Lots of corn products, fruit , nuts and Sugar free Blue Bell vanilla ice cream. Mexican food is great as there are corn tortillas and rice and beans with beef and chicken. MMMM. 
What do yall think????


----------



## Elffriend (Mar 2, 2003)

I think corn and rice are just as bad as wheat and would cut back on those, too.


----------



## mammabooh (Sep 1, 2004)

I'd stay away from the corn products and sugar free stuff too. Brown rice is better than white, but it's hard to take if you're not used to eating it. Unless you're very active, that corn is just going to make you fat. I'd recommend sticking to a diet that is as close to raw as possible. 

Of course, if your diet has been bad up until now, any healthy changes you make are going to help.

Good luck!


----------



## Wolf mom (Mar 8, 2005)

What about all the fat in the cheese in Mexican food? And ice cream? Fat is very high calorie. 

Try for nutrient dense foods. 

Everything boils down to how many calories you are consuming versus how many you are expending.

Then again, anything healthy is better than before. 
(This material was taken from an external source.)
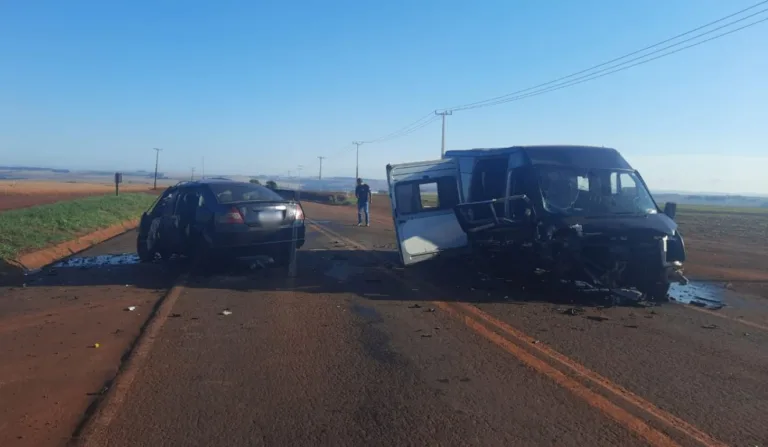 Van de dupla sertaneja voltava para o oeste do Paraná após show em Umuarama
Good luck. I still struggle.


----------



## rockin-n (Jun 18, 2007)

Good to try and change, but I would definitely watch the corn products. Also, sugar free usually means they add the poisonous sugar substitutes instead. Real sugar and the calories are safer than anything artificial. Honey is even better. Good luck!!!


----------



## Macybaby (Jun 16, 2006)

If you stick with real mexican food (no cheese) you'll do OK. Me, if it does not have cheese, I'm not interested.

I'd suggest using salad plates for your meals. It may seem silly, but tossing out our big dinner plates and switching to salad plates had made DH and I much more aware of portion size. Most people don't have a clue as to what a "portion" really is, and don't realize they are eating three or four "portions" at a sitting. 
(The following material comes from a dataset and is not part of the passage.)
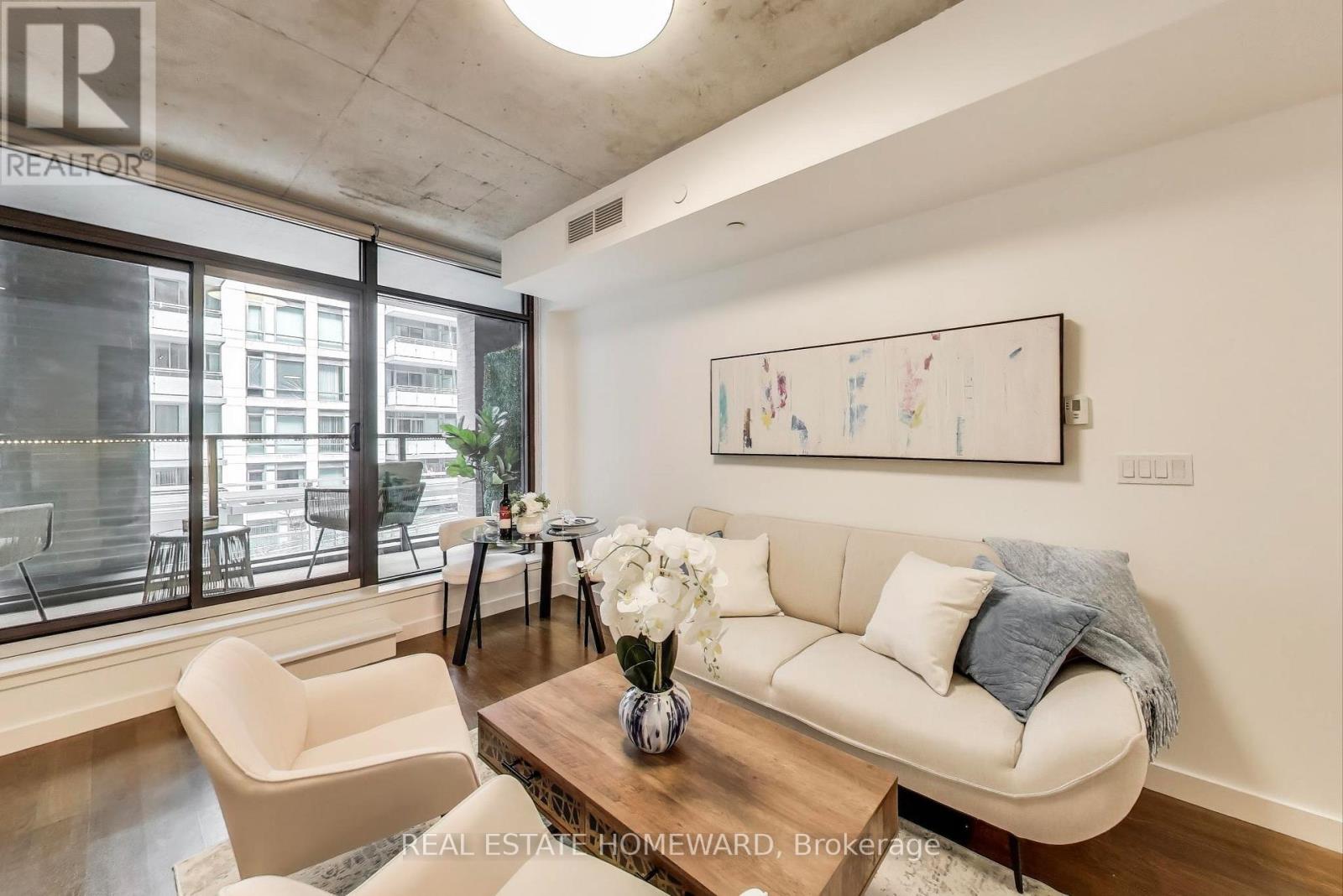 Apartment at 320 - 111 BATHURST STREET, Toronto (Waterfront Communities)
Portion control has been the number one thing that has helped me loose weight. I'm not into prepacked foods and already eat lots of home grown veggies and home canned goods - Now that I"m use to eating less at a sitting, I feel sick and stuffed if I try to eat the quantity I use to pack in every day. 

Cathy


----------



## cider (Nov 13, 2004)

Look in your Library and see if you can find any of the Volumetrics books and any of the Thin for Life books. They both have excellent advice on how to take in less calories while adding more veggies and whole grains.


----------